Introduction
For each strike \(K\) and maturity \(T\), we need to solve backward parabolic Black-Scholes PDE in the variables \((S,t)\), to find the option prices. It is possible to find the same option price by solving a dual problem, namely a forward equation in the variables \((K,T)\), given the present spot value and time, known as the dual Black-Scholes equation or Dupire’s PDE.
Derivation of the Dupire PDE
Recall, that the Fokker-Planck PDE describes the dynamics of the transition probability density forward in time. We represent the transition probability density function by \(p(x,t)\). Were we to be more rigorous, we should write \(p(x,t|x_0, t_0)\).

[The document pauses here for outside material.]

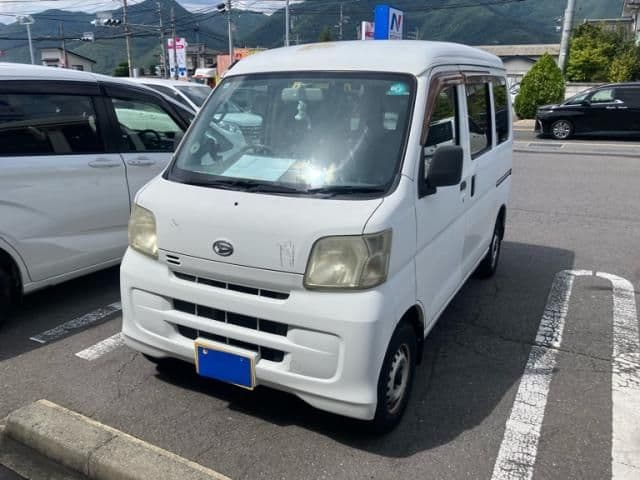 DAIHATSU HIJET CARGO 4WD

The call option price has a similar representation. It is a function of strike \(K\) and expiration \(T\), given the current spot value \(S_t\) and current time \(t\). So, its a function \(C(K,T | S_t, t)\); we can suppress the variables \((S_t, t)\) and write \(C(K,T)\). This is standard terminology in the industry.
The call option payoff at maturity \(T\) is given by:
\[ \begin{aligned} C(K,T|S_T,T) = (S_T - K)^{+} \end{aligned} \]
We can’t exactly apply Ito’s formula, but there is the Tanaka-Meyer formula - an implication of which is that we can use Ito’s lemma for the absolute value function and the maximum function.
\[ \begin{aligned} d(S_T - K)^{+} &= \frac{\partial }{\partial S_T}(S_T - K)^{+}dS_T + \frac{1}{2}\frac{\partial^2}{\partial S_T^2} (S_T - K)^{+} dS_T^2 \end{aligned} \]
We can write:
\[ \begin{align*} \frac{\partial}{\partial S_T}(S_T - K)^{+} = 1_{S_T > K} \frac{\partial}{\partial S_T} (S_T - K) = 1_{S_T > K} \end{align*} \]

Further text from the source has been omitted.